I did a re-eval on my Writing test from January (got a 7.5, and I needed an 8). Got the results back a couple weeks ago (took 6 weeks total), and they increased my score to a 9! In my opinion, its worth trying for a re-eval (called an "EOR" - Enquiry On Results). But at the same time, keep studying and sign up for another test. That's what I did (I wound up sitting the test again while I was waiting - wound up getting an 8 in Writing then.... but a 7.5 in Reading - ARGH!). 

I posted some tips in a post called "IELTS - Frustration". The Reading test is especially tricky (and there are some tips for how to avoid common mistakes). And I gave some tips on the Writing, too. These are a compilation of tips I got from other people on the boards, as well as from IELTS markers who have posted information on the internet.

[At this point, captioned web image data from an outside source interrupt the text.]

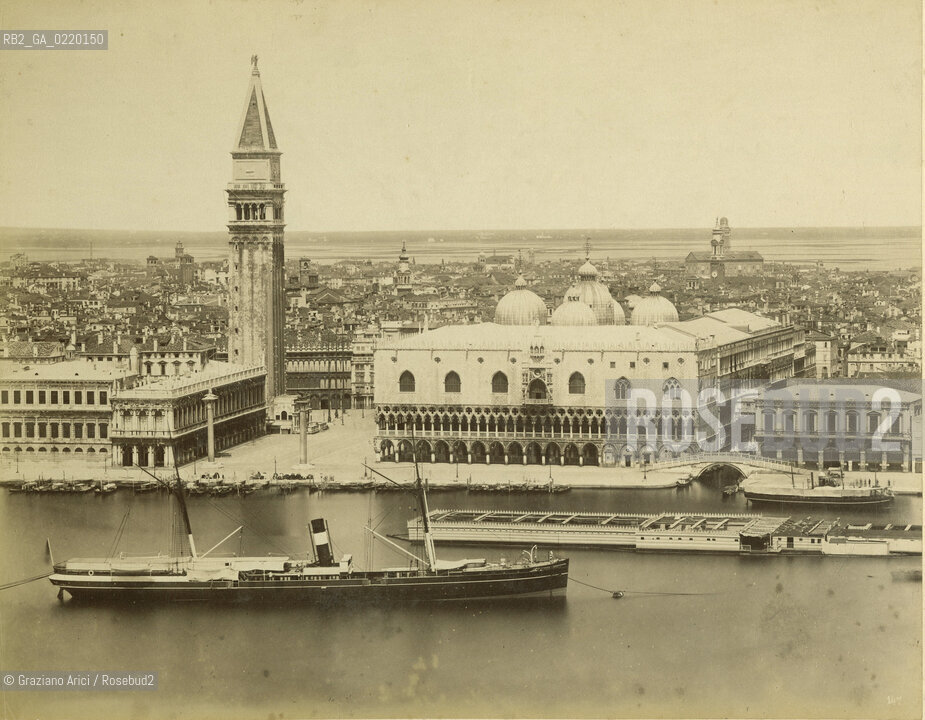 -VENEZIA, SENZA INDICAZIONE DELLAUTORE,VEDUTA PANORAMICA DAL CAMPANILE DI SAN GIORGIO DI PIAZZA SAN MARCO E BACINO,ANTE 1873.NELLIMMAGINE SI VEDONO I BAGNI PUBBLICI. STAMPA ALLALBUMINA, CM 26X34. VEDUTA;SAN MARCO, BAGNI, BACINO, FOTOANTICHE .-VENICE, NO AUTHORS INDICATION, VIEW OF SAINT MARKS SQUARE AND BASIN.ANTE 1873. ALBUMEN PHOTOGRAPH, CM 26X34 © ARCHIVIO Graziano Arici/Rosebud2 ..
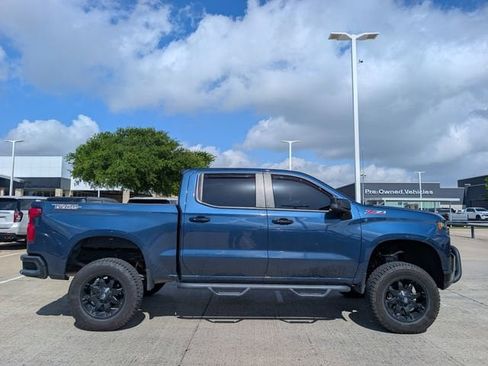 Used 2019 Chevrolet Silverado 1500 LT Trail Boss image 3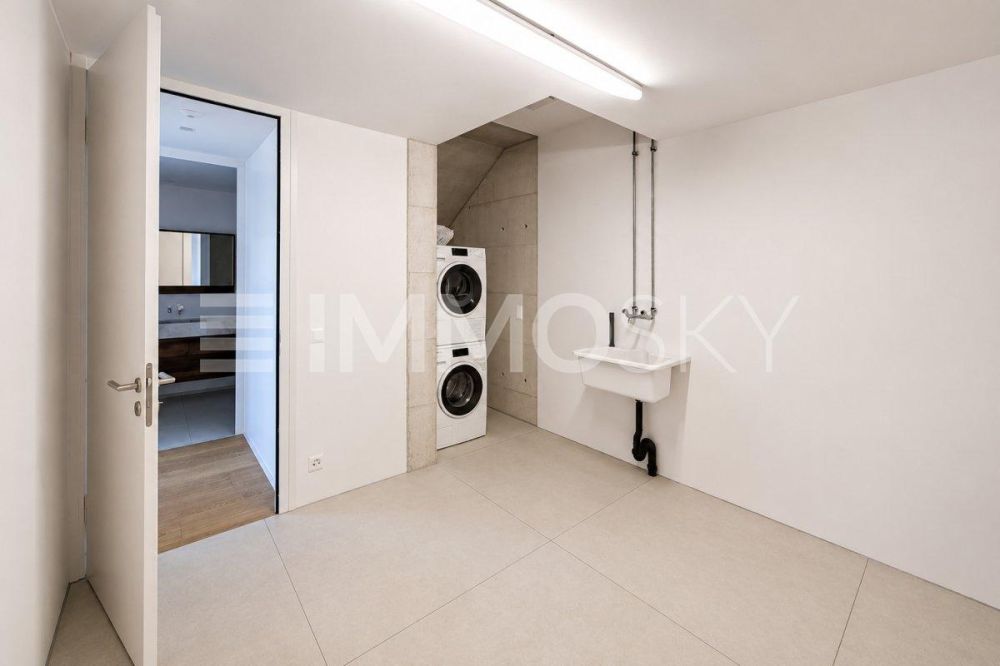 Modernes Wohnen mit Panorama-Balkon über Bern - Praktische Waschküche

Sent from my iPad using ExpatForum


----------



## gillofrompk (Apr 2, 2012)

msvayani said:


> Congrats! What was your test centre?


lahorek


----------



## msvayani (Feb 14, 2012)

Got my result today...

Unfortunately, I messed up in the writing this time... 

*2nd Attempt: (31-3-2012)*
L: 7.5
R: 8
W: 6
S: 7

*1st Attempt: (11-6-2011)*
L: 7.5
R: 7
W: 7
S: 6.5

Now, I am registering for yet another attempt on the 21st April 2012. :fencing:


----------



## bangalg (Apr 22, 2009)

ManpBanglre said:


> U from Banglore Rite? Do u think if coaching can help. Evrytime i miss by 0.5 in sum or the other modulde.
> U knw any good ielts prep centres in banglore.?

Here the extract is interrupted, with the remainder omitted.